Je récupère mon sac, tourne les talons et sors rapidement, avant de dire quelque chose que je pourrais regretter. Au lieu d’attendre l’ascenseur, je m’engouffre dans le couloir et descends par les escaliers, évitant ainsi qu’il puisse éventuellement vouloir poursuivre cette conversation. Oui, je fuis, mais étant donné que nous sommes tous les deux énervés, je doute que continuer à nous disputer soit une bonne idée.
Théo fronce les sourcils en me voyant débarquer à la maison. Je crois que j’ai interrompu une séance de papouilles devant un film d’horreur qui ne semble pas vraiment les intéresser.
— Désolée, je vous laisse tranquilles, je file dans ma chambre, soupiré-je en me servant un grand verre d’eau à la cuisine.
— Tout va bien, Princesse ? me demande mon colocataire qui se lève déjà pour venir à ma rencontre.

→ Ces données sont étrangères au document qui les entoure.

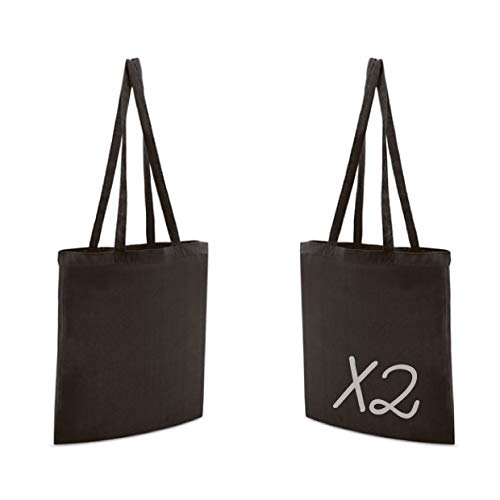 My Custom Style 2 bolsas de la compra de algodón 145 g/m², color negro, 38 x 42 cm, asas largas 70 cm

— Oui, rien de grave. Un comptable de mauvaise humeur, j’ai préféré rentrer, c’est tout, souris-je en l’embrassant sur la joue.
— Ne fais pas tout de suite le bilan de clôture, hein ? Il y a des jours où ça va moins bien, c’est normal. Si tu as besoin, tu n’hésites pas à venir nous voir, tu sais que tu ne nous dérangeras pas.

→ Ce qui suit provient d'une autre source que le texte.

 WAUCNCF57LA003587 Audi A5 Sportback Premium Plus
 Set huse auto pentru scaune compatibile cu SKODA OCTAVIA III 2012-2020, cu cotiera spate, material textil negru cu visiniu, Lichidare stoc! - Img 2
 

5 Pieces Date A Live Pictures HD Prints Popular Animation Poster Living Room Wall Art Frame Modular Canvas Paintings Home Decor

— Oui, enfin, non, ris-je. Je ne suis pas intéressée par un plan à trois, mon Chou ! Ça va, ça lui passera, je crois. Au moins, je vais pouvoir faire une vraie nuit de sommeil, contrairement à vous !
— Il ne sait pas ce qu’il perd, ton comptable, lance Kenzo qui vient se coller derrière Théo pour l’enlacer. Et même sans plan à trois, on est tes amis, donc tu viens si tu veux en parler. On saura rester sages, me déclare-t-il en me faisant un clin d'œil.
— Vous êtes des amours.
Je les embrasse tous les deux sur la joue et file à la salle de bain. Merde, me voilà jalouse de les voir complices et proches alors qu’Alken et moi ne pouvons pas partager un moment tranquille sans que ça ne parte en live.

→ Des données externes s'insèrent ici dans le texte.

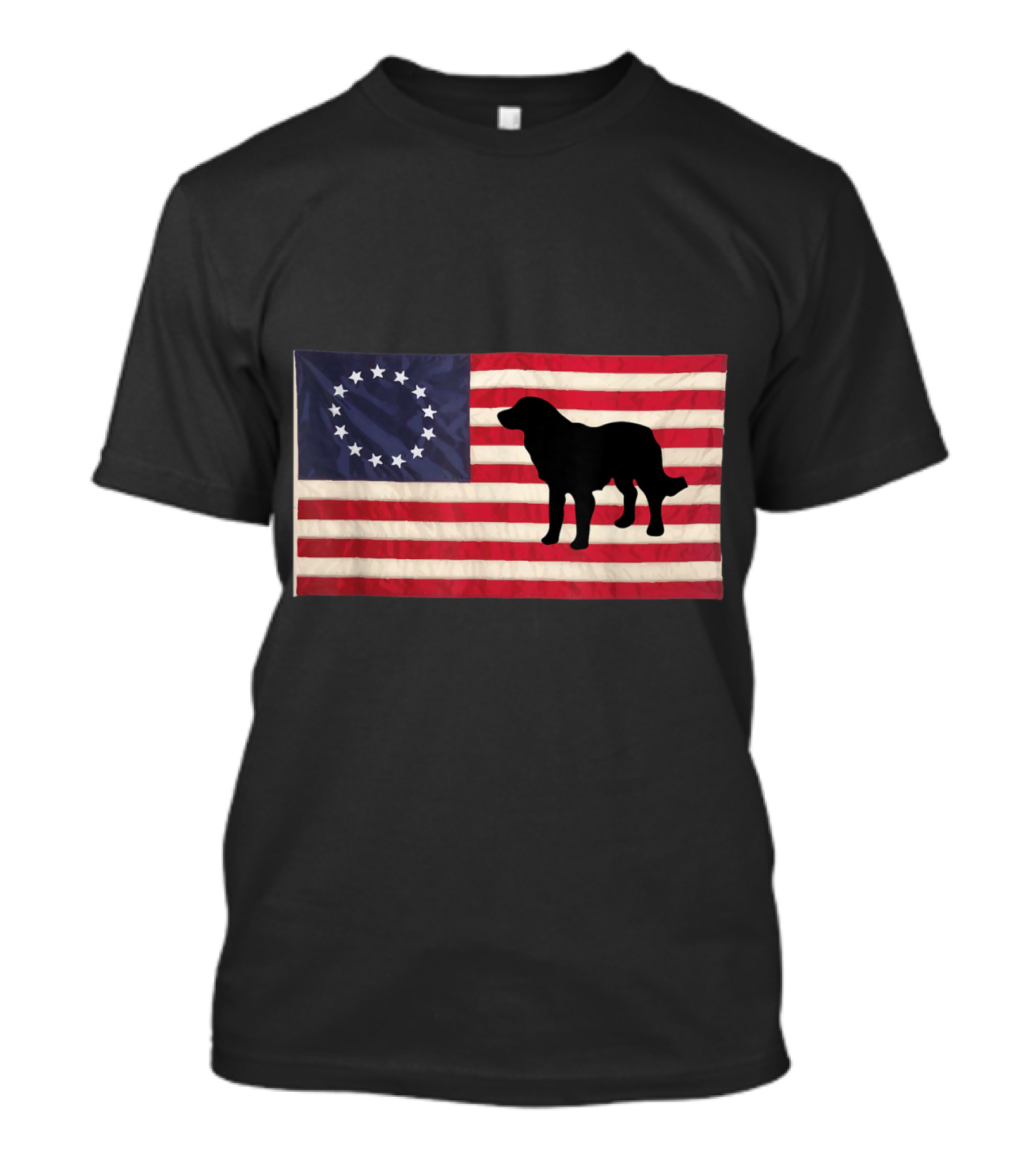 Golden Retriever Silhouette Betsy Ross Flag Dog Lover American Heritage T-Shirt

Je me glisse sous la douche sans pouvoir m’enlever de la tête que l’Irlandais est vraiment monté très rapidement dans les tours, ce soir. Il n’a même pas relevé que je lui ai avoué mes sentiments. Ce soir, j’ai dit “je t’aime” à un homme, et tout ce qu’il en est ressorti, ce sont des reproches. Je conçois que j’aurais sans doute pu trouver meilleur moment pour lui dire, mais clairement, il fait suer, le danseur. Je sens que la nuit ne sera finalement pas si calme que ce que j’ai pu insinuer auprès des garçons.